そう、それこそ…人命に関わるようなものは、必ず。
「2年前は盆踊りの日に子供が交通事故に遭ったお知らせが。1年前の盆踊りでは保護者同伴推奨のお知らせがあった」
そうだ、そして、2年前から今日までの間には。


この町内で《子供のお葬式》のお知らせは---…
---なかったはずだ。




「うぇ~暑い~…」
じとりとした暑さのせいで額に汗が浮かぶ。母に着せてもらった浴衣を着て、私は今年も盆踊りに向かっていた。中学3年生の夏。受験勉強という現実から目をそらす為にあかりちゃんを誘うつもりだったが、夏期講習を理由に断られてしまった。ぼっちじゃん。
「いいもんね…たこ焼き食べたいし…」
恨み言のようにブツブツ呟きながら歩いていると、盆踊り会場である神社の入口に一人の女の子が立っていた。
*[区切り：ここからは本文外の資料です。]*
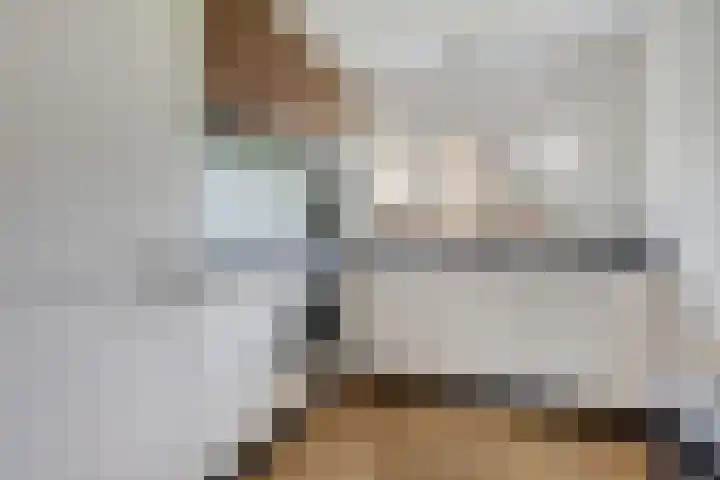 Blauwgras 28 Houten thumbnail 10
淡いピンク色の浴衣に、細かく編み込まれたお団子。
---記憶の中にしまいこんだあの不思議な夏の出来事がぶわりと頭に蘇る。3年見続けた浴衣姿だが今年は少し違う。頭に刺した簪の花の色が白から黄色に変わっていた。ふとこちらに気付いたかのように女の子が振り向く。
「---ねぇ、一緒に盆踊り、回ろうよ」
綺麗な花のつぼみが一斉に咲いていくかのような笑顔を湛えて。
---美少女が、そこに立っていた。

【終】





《アマビト》

死に瀕した人間の魂が生霊となる。
死の直前の魂が出歩いたり、物音を立てることを
「アマビト(あま人)」といい、
逢いたい人のもとを訪ねるという。